For german wiki revisions, you can set the lang attribute to de - For example, you can download the German Wikipedia page revisions for the Climate_change category, as follows:

from wikipedia_tools.scraper import downloader
from datetime import datetime

wikirevs= downloader.WikiPagesRevision( 
                                        categories = ["Klimaveränderung"],
                                        revisions_from = utils.get_x_months_ago_date(1), # beginning of last month, you can use instead datetime.now() + dateutil.relativedelta.relativedelta() to customize past datetime relatively
                                        revisions_to=datetime.now(),
                                        save_each_page= True,
                                        lang="de"
                                        )
count, destination_folder = wikirevs.download()

You can then process each file by, for example, reading the parquet file using pandas:

import pandas as pd
from glob import glob
files = f"{destination_folder}/*.parquet"

# Loop over all wiki page revisions with this period and read each wiki page revs as a pandas dataframe
for page_path in glob(files):
    page_revs_df = pd.read_parquet(page_name)
    # dataframe with columns ['page', 'lang', 'timestamp', 'categories', 'content', 'images', 'links', 'sections', 'urls', 'user']
    # process/use file ....

Overview Stats

## Initialize the analyzer object

from wikipedia_tools.analyzer.revisions import WikipediaRevisionAnalyzer
analyzer = WikipediaRevisionAnalyzer(
    category = category,
    period = properties.PERIODS._YEARLY_,
    corpus = CORPUS,
    root = ROOT_PATH
)

# Get the yearly number of articles that were created/edit at least once 
unique_created_updated_articles = analyzer.get_edited_page_count(plot=True, save=True)

# Returned the number of created articles over time
unique_created_articles = analyzer.get_created_page_count(plot=True, save=True)

# Returns the number of revisions over time
rev_overtime_df = analyzer.get_revisions_over_time(save=True)

# Returns the number of words over time
words_overtime_df = analyzer.get_words_over_time(save=True)

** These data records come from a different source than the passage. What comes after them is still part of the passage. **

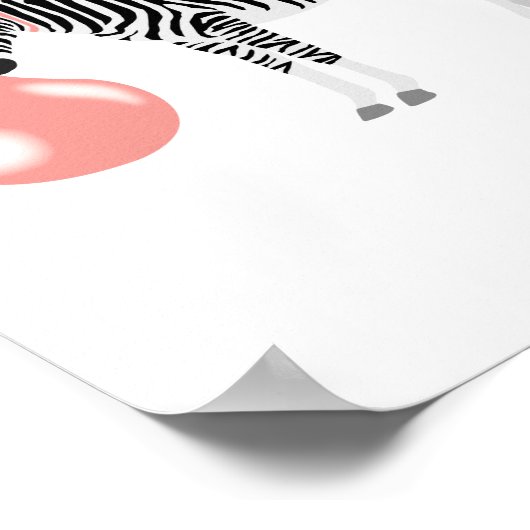 Bubble Gum Zebra Baling Bubble Poster (Hoek)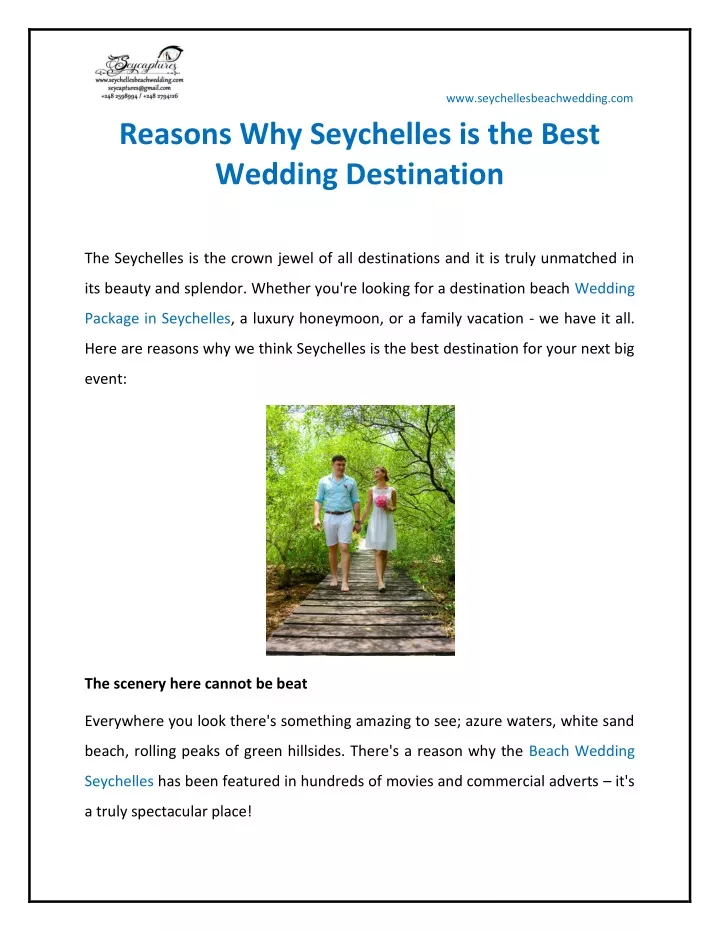www seychellesbeachwedding com reasons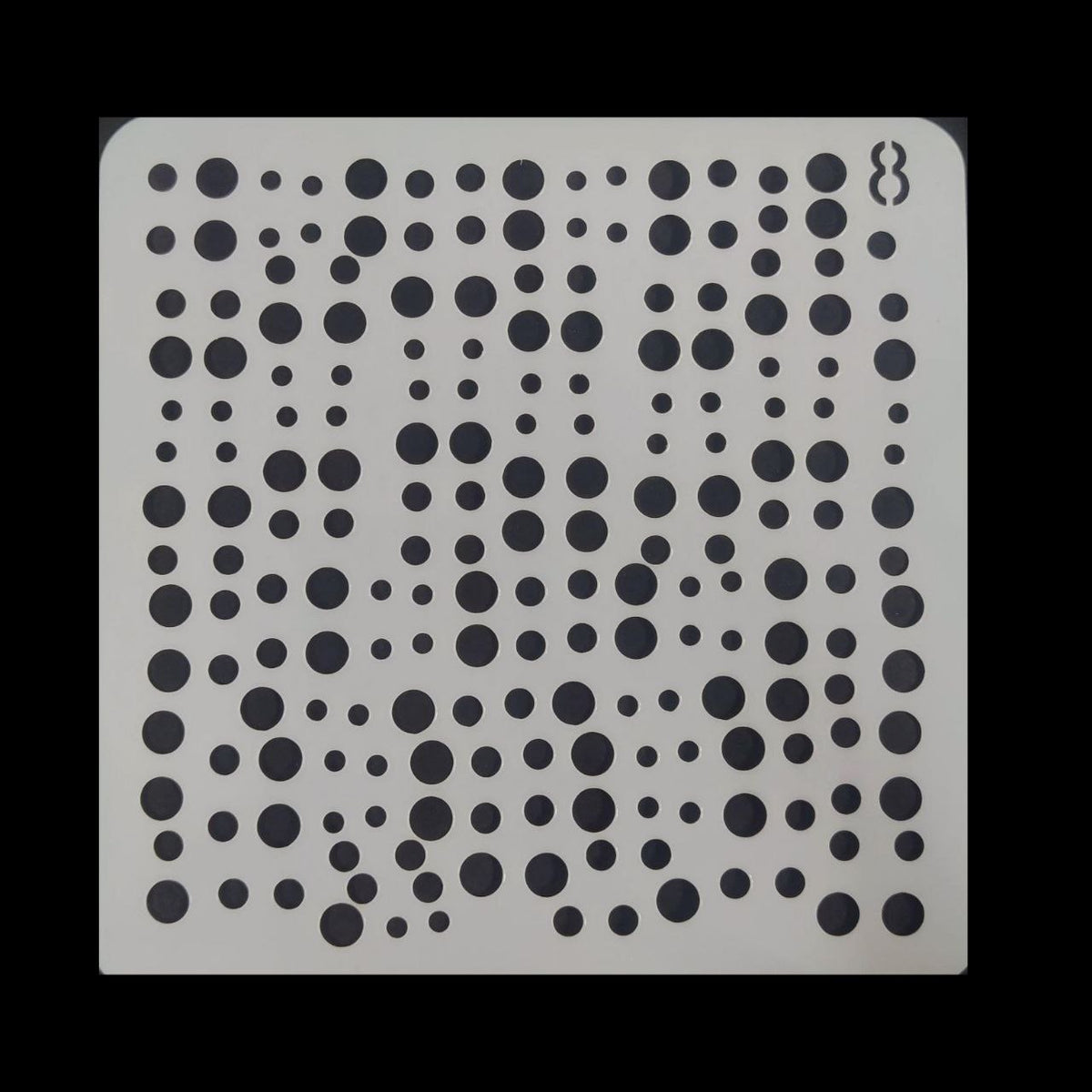 Polka Dots - Mix Circles (5x5 Stencil)
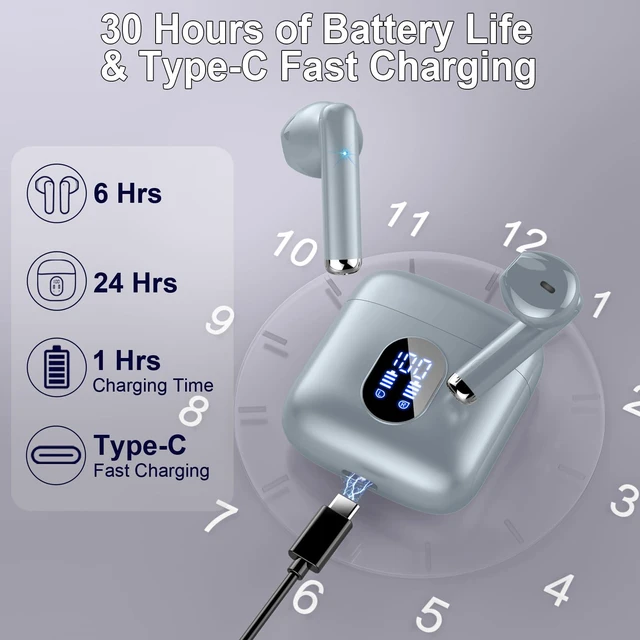 Alt view image 6 of 7 - Wireless Earbud Bluetooth Headphones, Stereo Ear Buds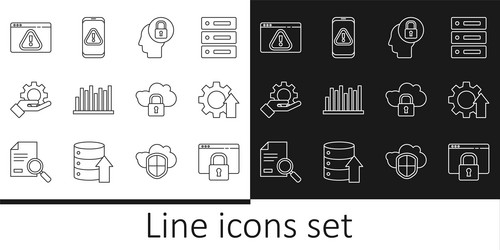 set line secure your site with https ssl arrow vector image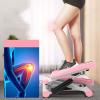 YSUEFIJO Mini Exercise Stepper, Portable Stair Stepper, Fitness Stepper Step Machine, Exercise Stepping Machine, Easy to Read Display, Resistance Bands, for Home, Desk or Office Workouts (Pink) view 3
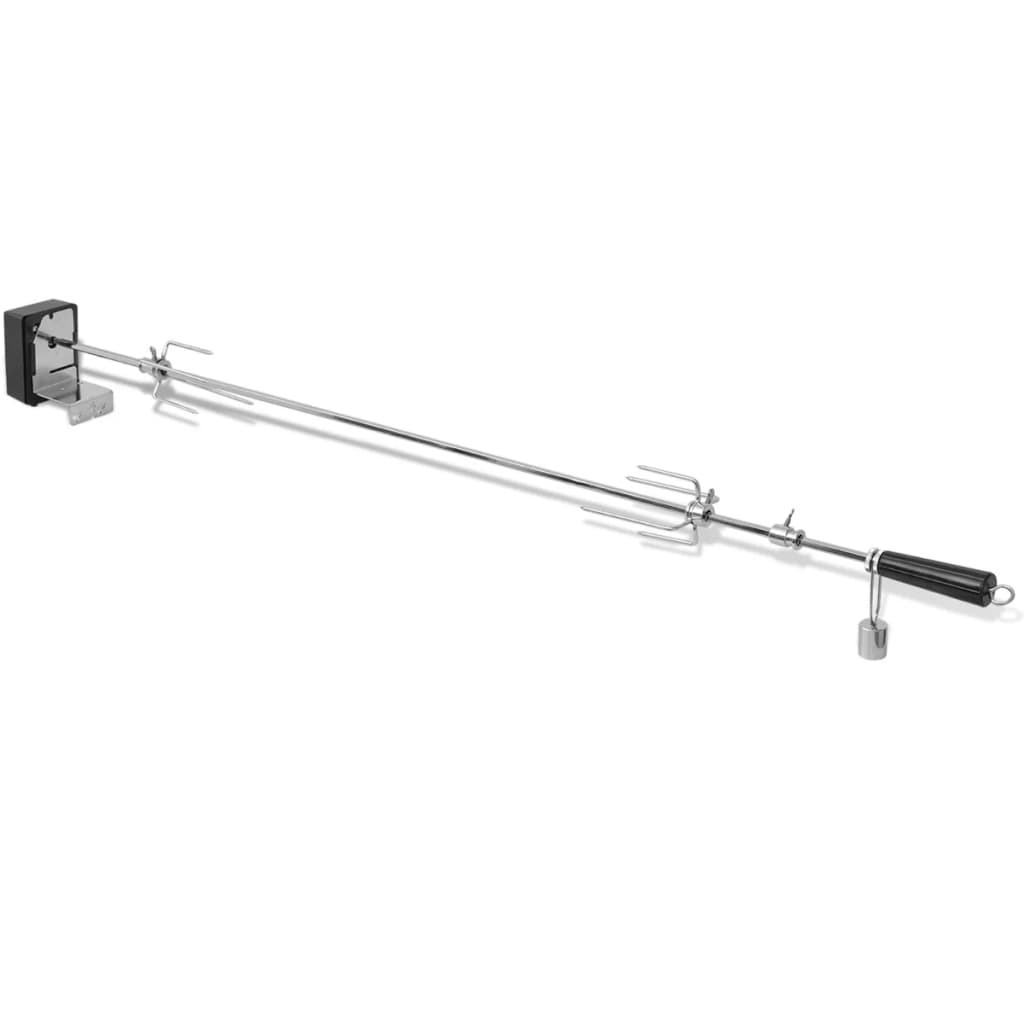 vidaXL Rotisserie Grill mit Elektromotor Stahl 1200 mm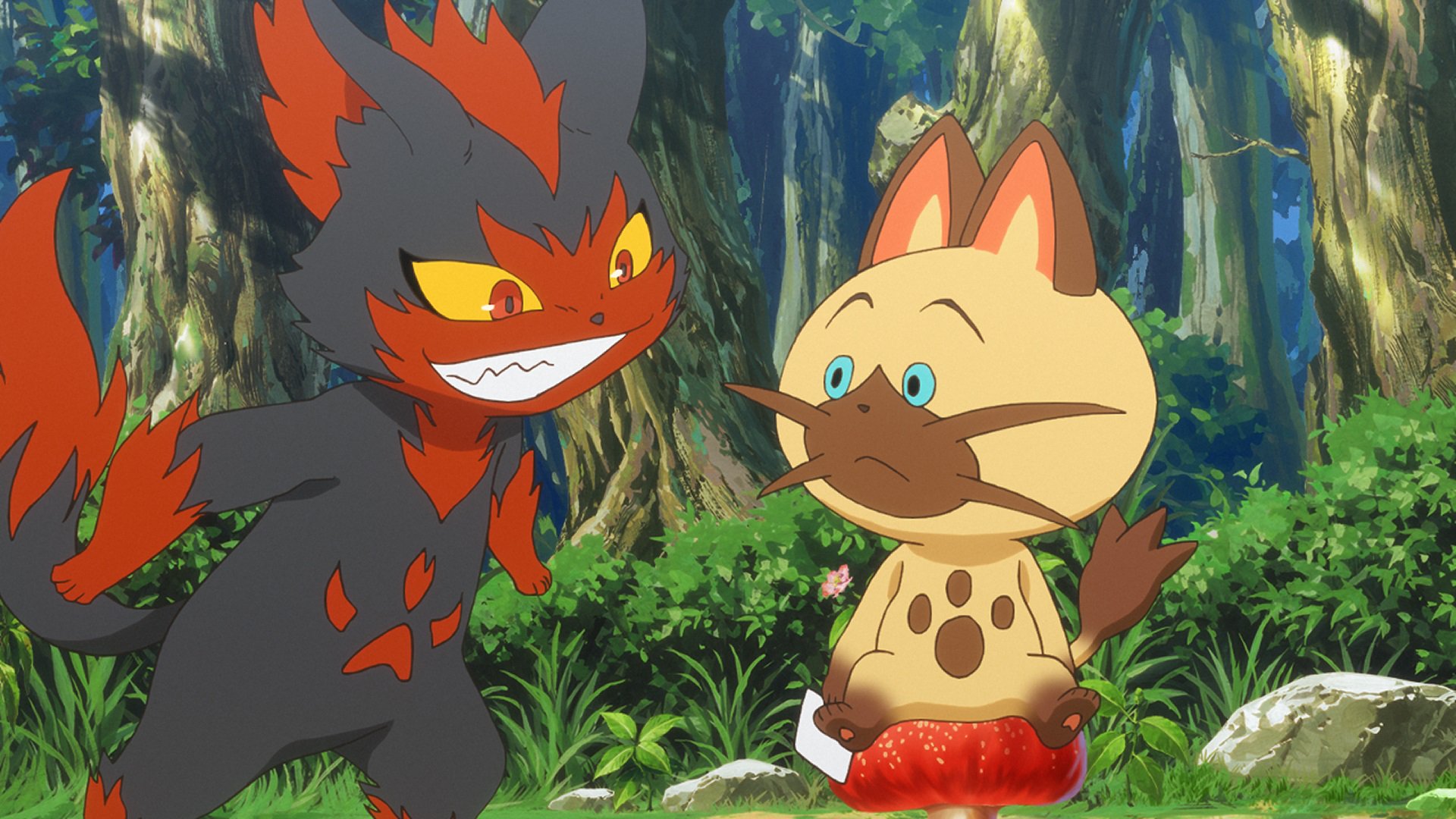 モンハン ストーリーズ Ride On 本日2月22日は ネコの日 つまりモンハンで言うと アイルーの日 アニメ ではナビルーの他にも様々なアイルーが登場 最新話ではなんとアイルーが住む ニクキュー村 が舞台です プラスセブンにて無料配信中ですので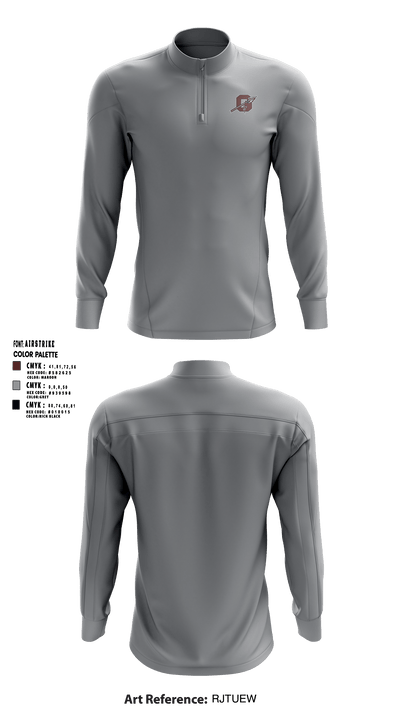 Ganado High School Basketball 15621417 Quarter Zip Jacket - 6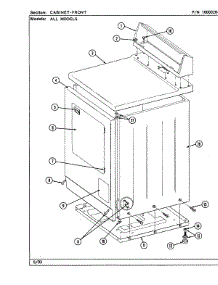 02 - Cabinet-Front (Ldg7500aal,Aaw,Abl & Abw) parts for Maytag Dryer LDG7500ABL from AppliancePartsPros.com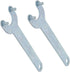 Utoolmart 2Pcs Angle Grinder Wrench, Iron Lock Nut 2 Prong Zinc Plating Finish Spanner for Dewalt Milwaukee Makita Black & Decker Ryobi...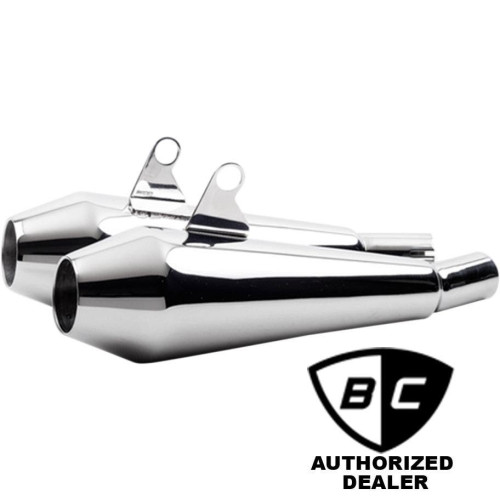 PartzBiz HD: 4421755-British Customs BC902-117-P Polished Shorty Predator Pro Slip On 16-19 Triumph 1811-3598 18113598 PartzBiz HD: 4421755-British Customs BC902-117-P Polished Shorty Predator Pro Slip On 16-19 Triumph 1811-3598 18113598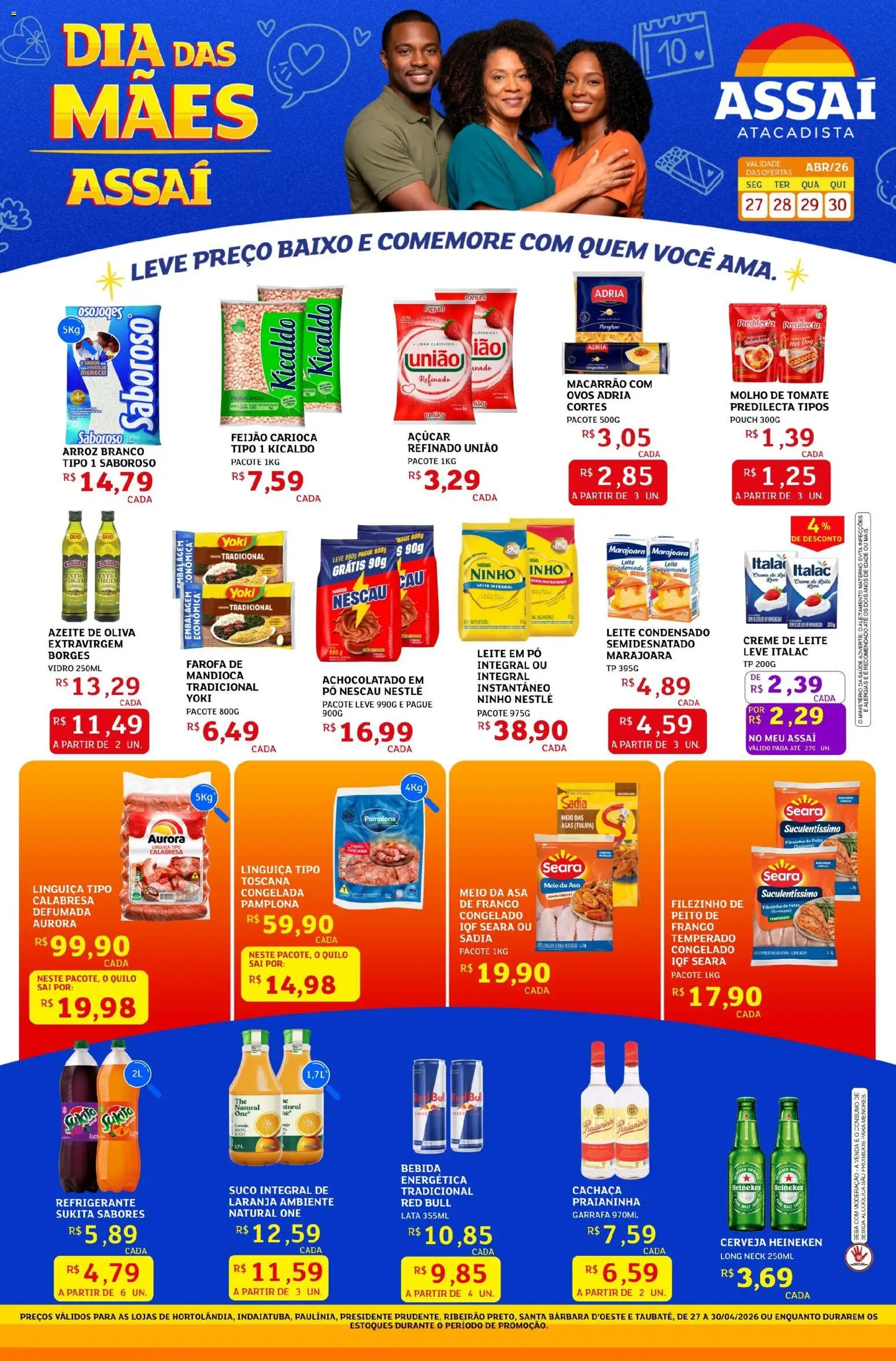 Pré-Visualização do folheto "Assaí Atacadista ofertas - SP" da loja Assaí Atacadista válido a partir de 27/04/2026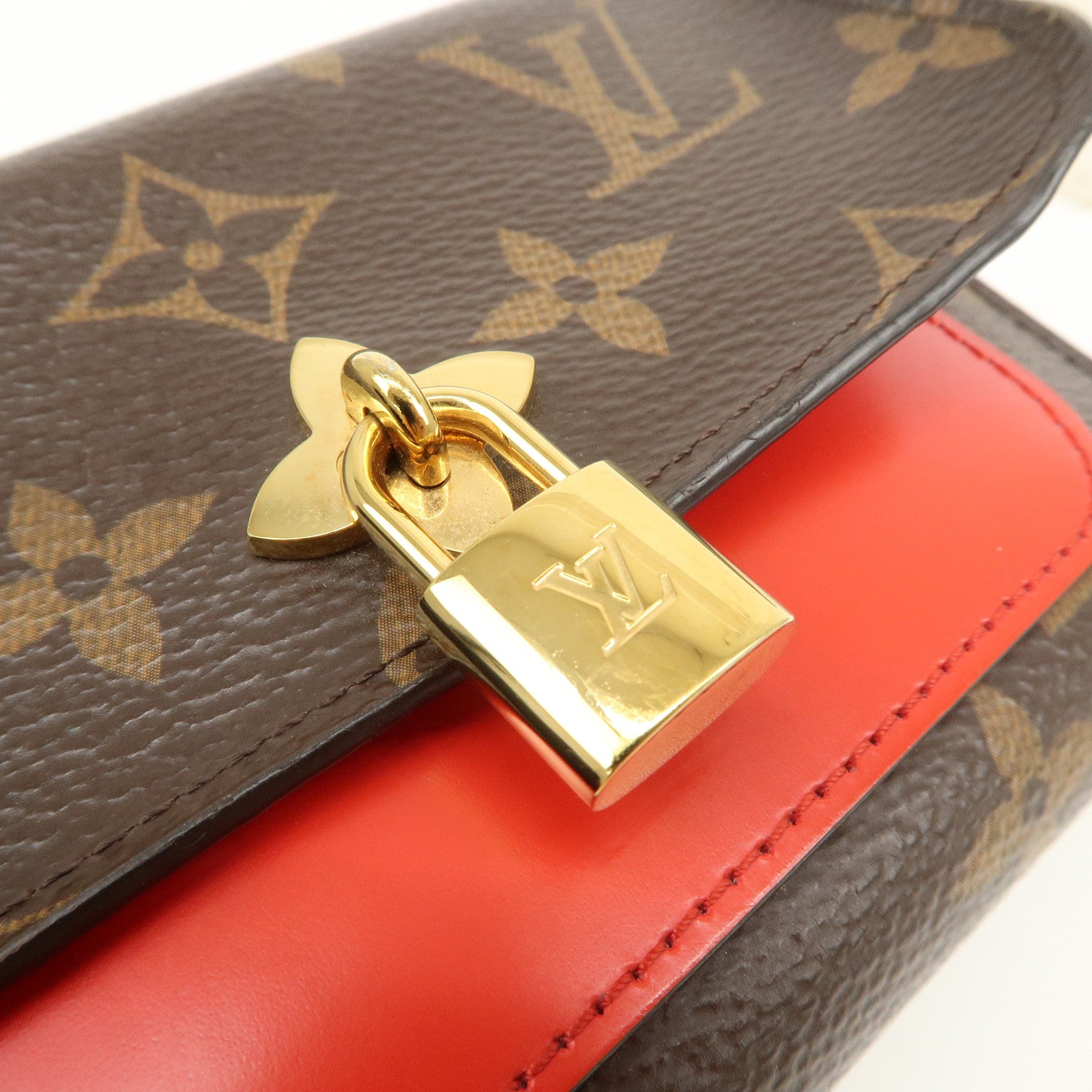 Louis Vuitton Monogram Portefeuille Flower Wallet Coquelicot M62567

# Returns the number of users over time, grouped by user type
users_overtime_df = analyzer.get_users_over_time(save=True)

# return the top n wikipedia articles over time
top_edited = analyzer.get_most_edited_articles(top=4)

# return the articles sorted from most to least edited over time
most_to_least_revised = analyzer.get_periodic_most_to_least_revised(save=True)

You can find the full example under the examples folder.